## Given data
┌──
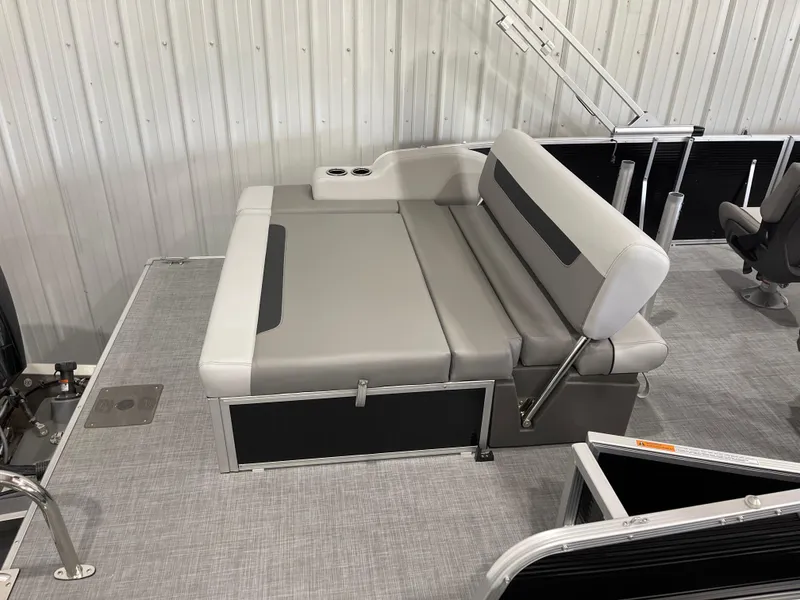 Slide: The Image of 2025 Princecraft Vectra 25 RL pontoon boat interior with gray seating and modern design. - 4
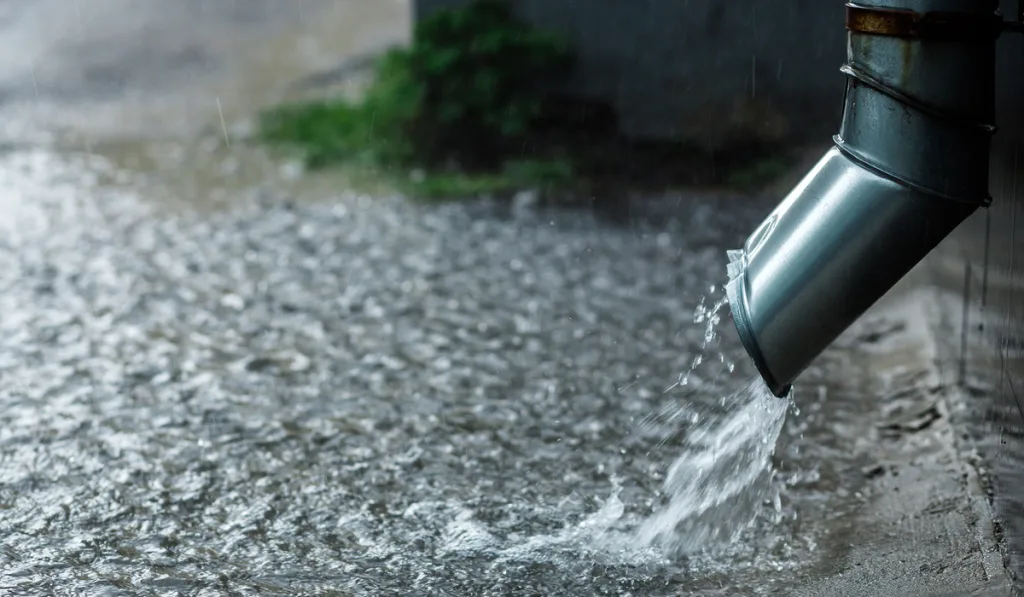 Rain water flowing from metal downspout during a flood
└──
┌──
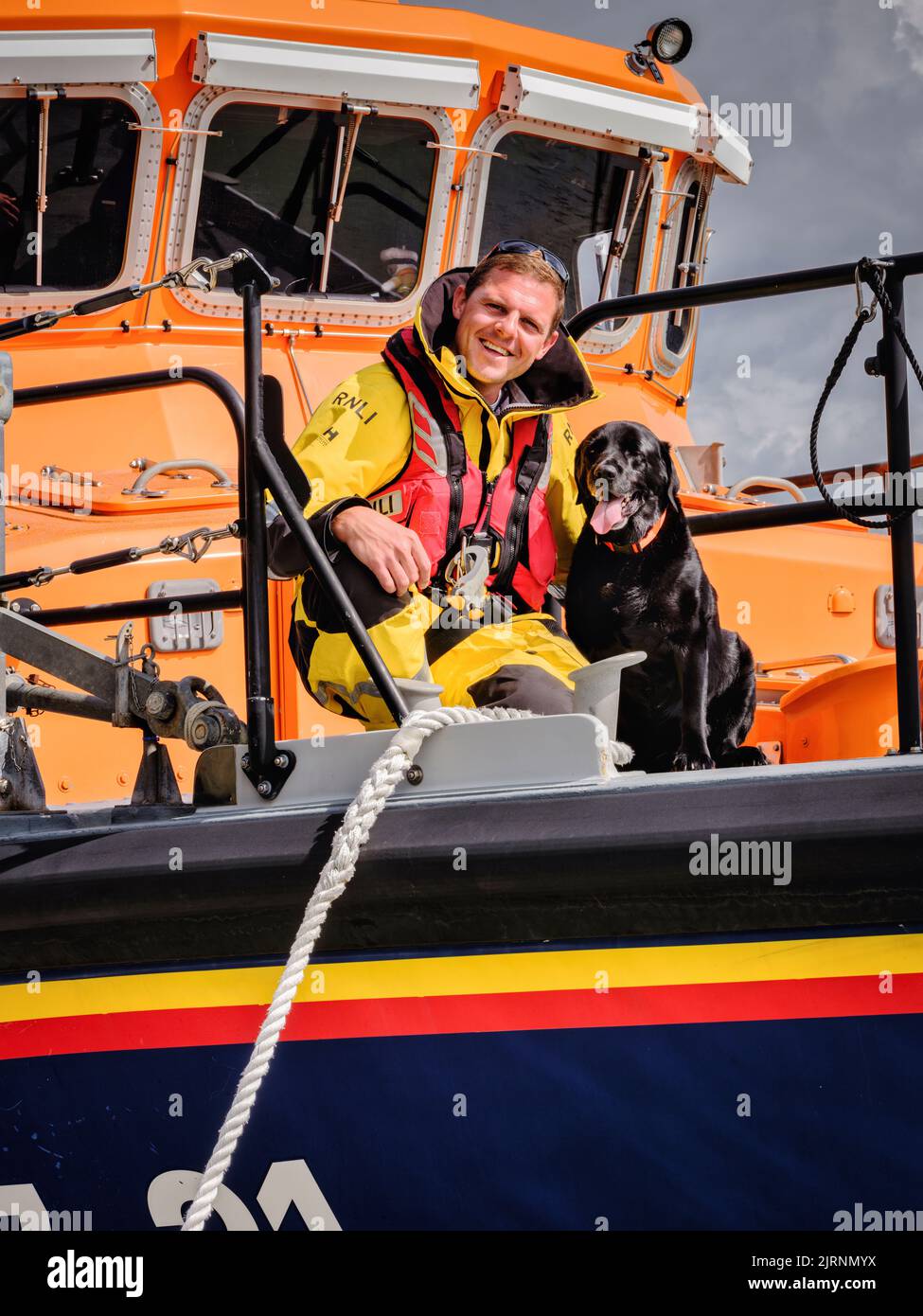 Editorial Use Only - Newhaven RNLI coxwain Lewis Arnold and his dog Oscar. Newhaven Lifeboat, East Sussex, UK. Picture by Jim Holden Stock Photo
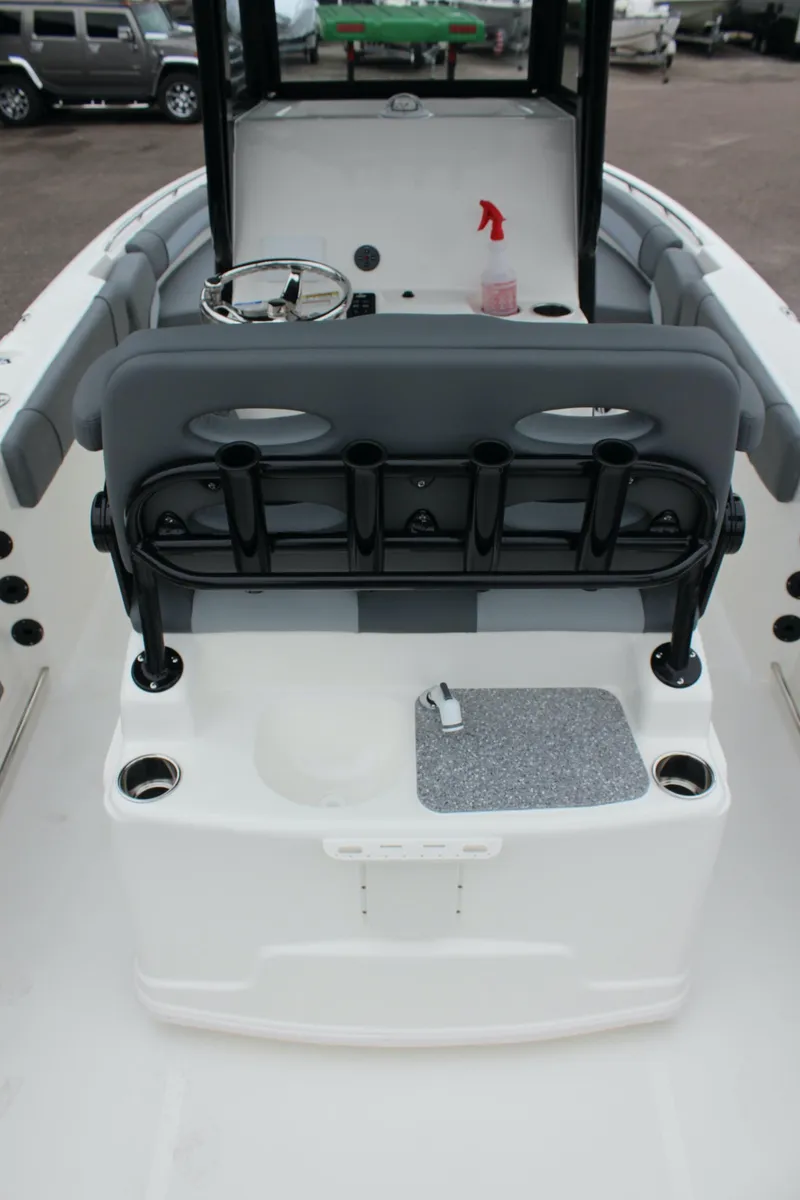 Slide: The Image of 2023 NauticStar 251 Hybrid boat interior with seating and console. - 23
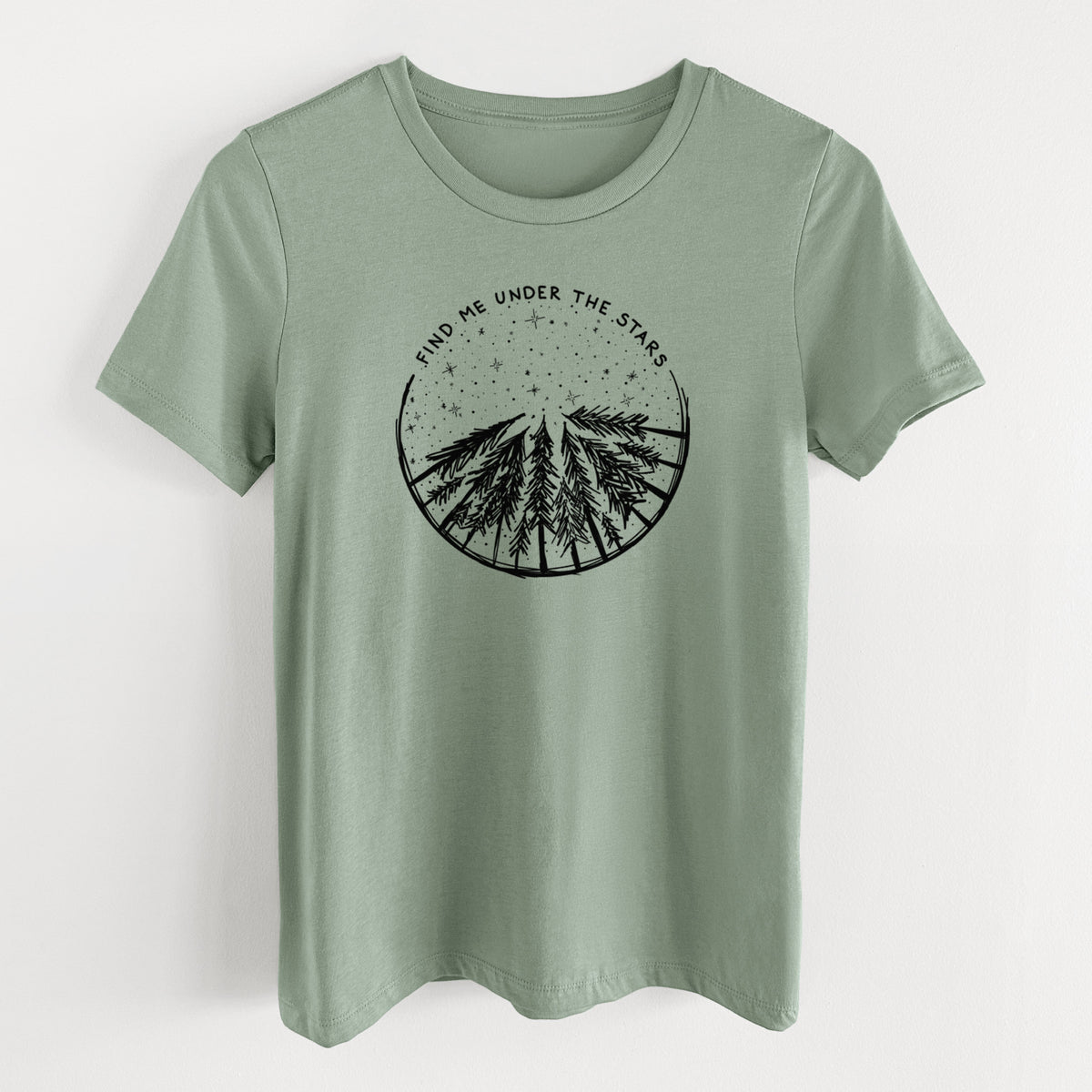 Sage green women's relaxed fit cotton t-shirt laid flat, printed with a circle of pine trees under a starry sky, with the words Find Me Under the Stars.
└──
┌──
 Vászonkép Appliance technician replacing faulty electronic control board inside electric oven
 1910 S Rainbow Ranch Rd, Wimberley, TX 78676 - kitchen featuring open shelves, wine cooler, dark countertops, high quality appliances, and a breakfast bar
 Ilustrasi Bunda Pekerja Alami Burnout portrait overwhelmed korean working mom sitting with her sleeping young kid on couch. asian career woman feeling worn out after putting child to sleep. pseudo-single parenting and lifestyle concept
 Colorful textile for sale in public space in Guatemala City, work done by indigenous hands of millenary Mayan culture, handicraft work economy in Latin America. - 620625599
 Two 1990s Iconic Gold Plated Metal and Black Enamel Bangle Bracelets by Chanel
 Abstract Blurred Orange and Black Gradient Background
└──
## Exercise prompt
Everything from the line containing "Ilustrasi Bunda Pekerja" through the line containing "Abstract Blurred Orange" in the material above should be retyped exactly, both ends included, and nothing more.

## Answer section
 Ilustrasi Bunda Pekerja Alami Burnout portrait overwhelmed korean working mom sitting with her sleeping young kid on couch. asian career woman feeling worn out after putting child to sleep. pseudo-single parenting and lifestyle concept
 Colorful textile for sale in public space in Guatemala City, work done by indigenous hands of millenary Mayan culture, handicraft work economy in Latin America. - 620625599
 Two 1990s Iconic Gold Plated Metal and Black Enamel Bangle Bracelets by Chanel
 Abstract Blurred Orange and Black Gradient Background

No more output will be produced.